COSCO Pacific to acquire Istanbul container terminal for $940m

The port terminal operator, in partnership with China Merchants Holdings International and CIC Capital, has agreed to purchase a majority stake in Kumport Terminal at the Ambarli Port Complex in Istanbul, Turkey.

   COSCO Pacific Limited has established a joint venture China Merchants Holdings International (CMHI) and CIC Capital to acquire a majority share of Fina Liman and Kumport, owners of Kumport Terminal in Istanbul, Turkey, according to a statement from the terminal operator.
   Kumport Terminal, the sole asset of Fina Liman, is a container terminal at the Ambarli Port Complex situated on the northwest coast of the Marmara Sea on the European side of Istanbul.
   COSCO Pacific, CMHI and CIC Capital agreed to purchase approximately 64.522 percent of the issued share capital of Fina Liman, the remainder of which (35.478 percent) is held by Turkac, for an initial purchase price of $919,852,418.33. In addition, the companies will acquire shares in Kumport representing approximately 1.346 percent of its issued share capital, the remainder of which (98.654 percent) is owned by Fina Liman, for an initial purchase price of $20,275,501.76.

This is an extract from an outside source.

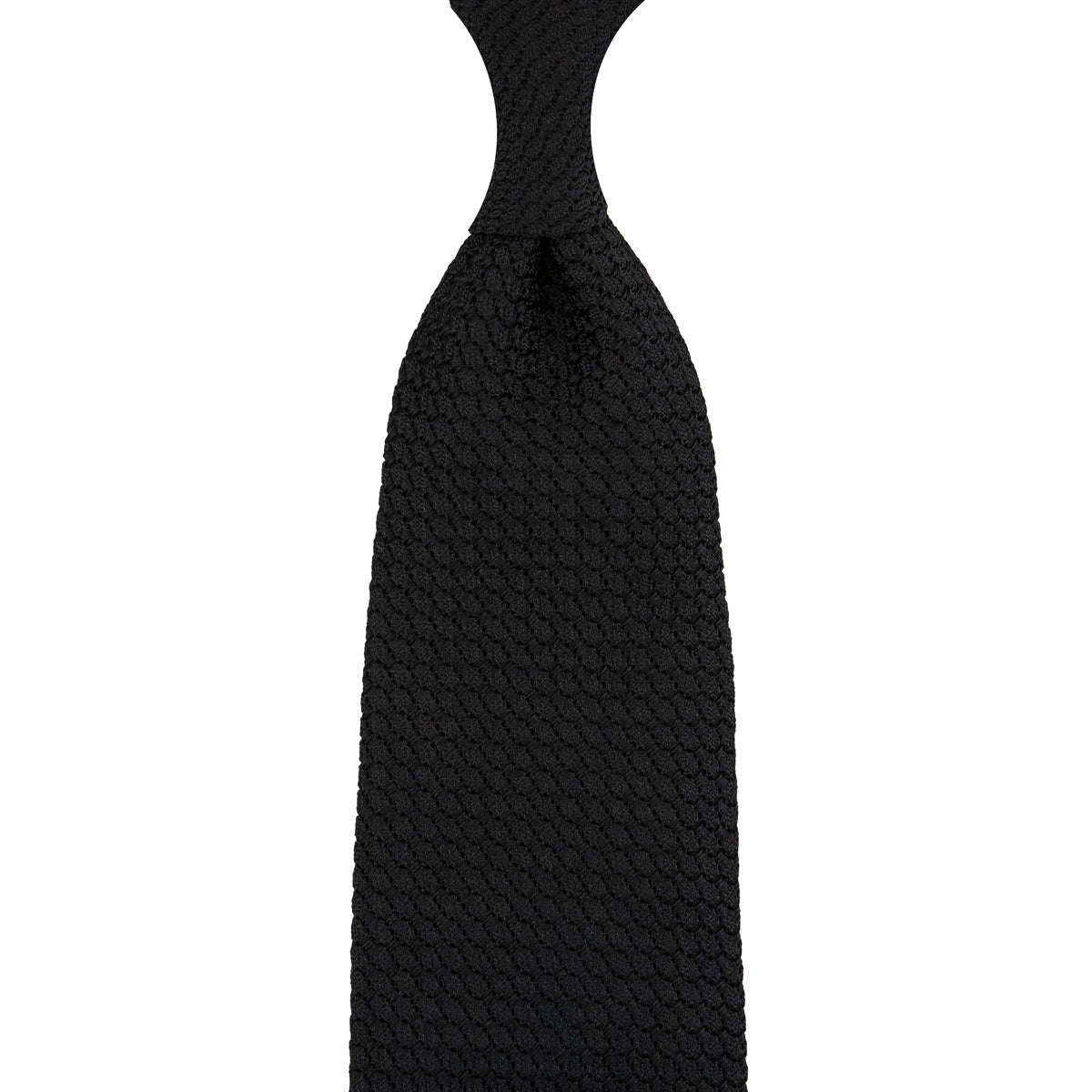 Kuska Handwoven Grossa Grenadine Silk Tie  - Black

   The total initial purchase price for the majority shares in Fina Liman and Kumport comes to $940.13 million. COSCO said in a statement the final purchase price will be determined based on the net debt and working capital of Fina Liman and Kumport at closing.
   COSCO Pacific, CMHI and CIC Capital, through their respective wholly-owned subsidiaries will hold 40 percent, 40 percent and 20 percent of the purchased shares upon completion of the transaction.

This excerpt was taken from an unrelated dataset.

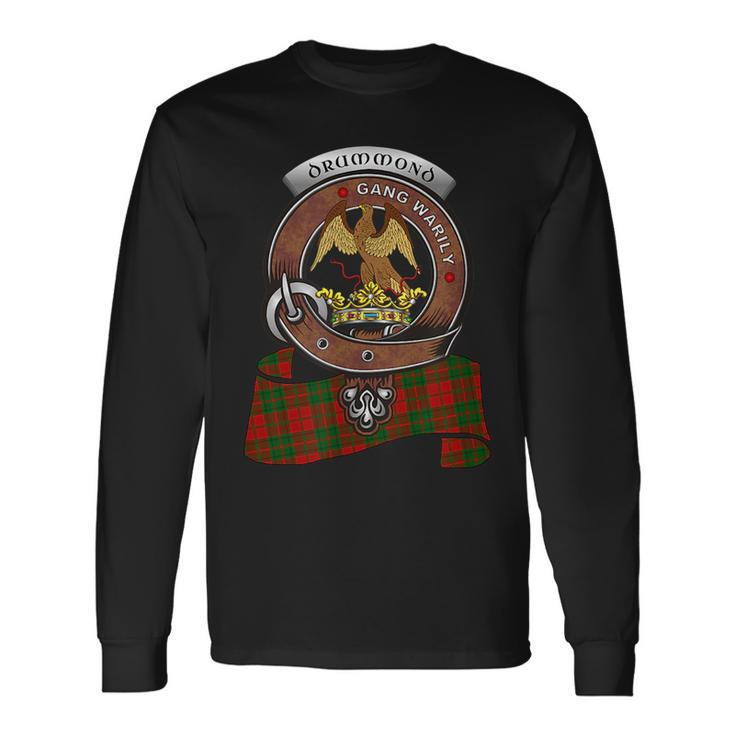 Drummond Scottish Clan Badge & Tartan Long Sleeve T-Shirt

   The deal is conditional upon various conditions, including approval from the Turkish Competition Board.
    COSCO noted the Consortium SPV, the joint venture formed in order to purchase Kumport, “is not a subsidiary of the company and will be accounted for as a joint venture of the company in its financial statements.”
   Kumport Terminal, the third largest container terminal in Turkey, “is located at a gateway to the Black Sea and a strategic interchange between Europe and Asia,” according to COSCO Pacific. It has six berths with a current capacity of 1.84 million TEUs and space for expansion to up to 3.5 million TEUs. The terminal is able to handle containerships with capacity for up to 18,000 TEUs and had a container throughput of 1.4 million TEUs in 2014.
   “The (COSCO) Board believes that Kumport Terminal has good development prospects given the potential business synergy between Kumport Terminal and the Company’s existing investment in Piraeus Container Terminal S.A. in Greece and the cooperation between the Company and CMHI in light of their respective experience in investing, managing and operating overseas port operations as well as port operations in the PRC and their respective relationships with liners,” the terminal operator said of the acquisition.
   “Furthermore, Kumport Terminal is situated in Turkey, which is a strategic location along the ‘Silk Road Economic Belt and the 21st Maritime Silk Road,’” it added. “Taking into account the above factors, the board believes that the transaction is a valuable investment opportunity for the company to enhance the company’s terminal profitability and create value for shareholders, and that the terms of the transaction are fair and reasonable and in the interests of the shareholders as a whole.”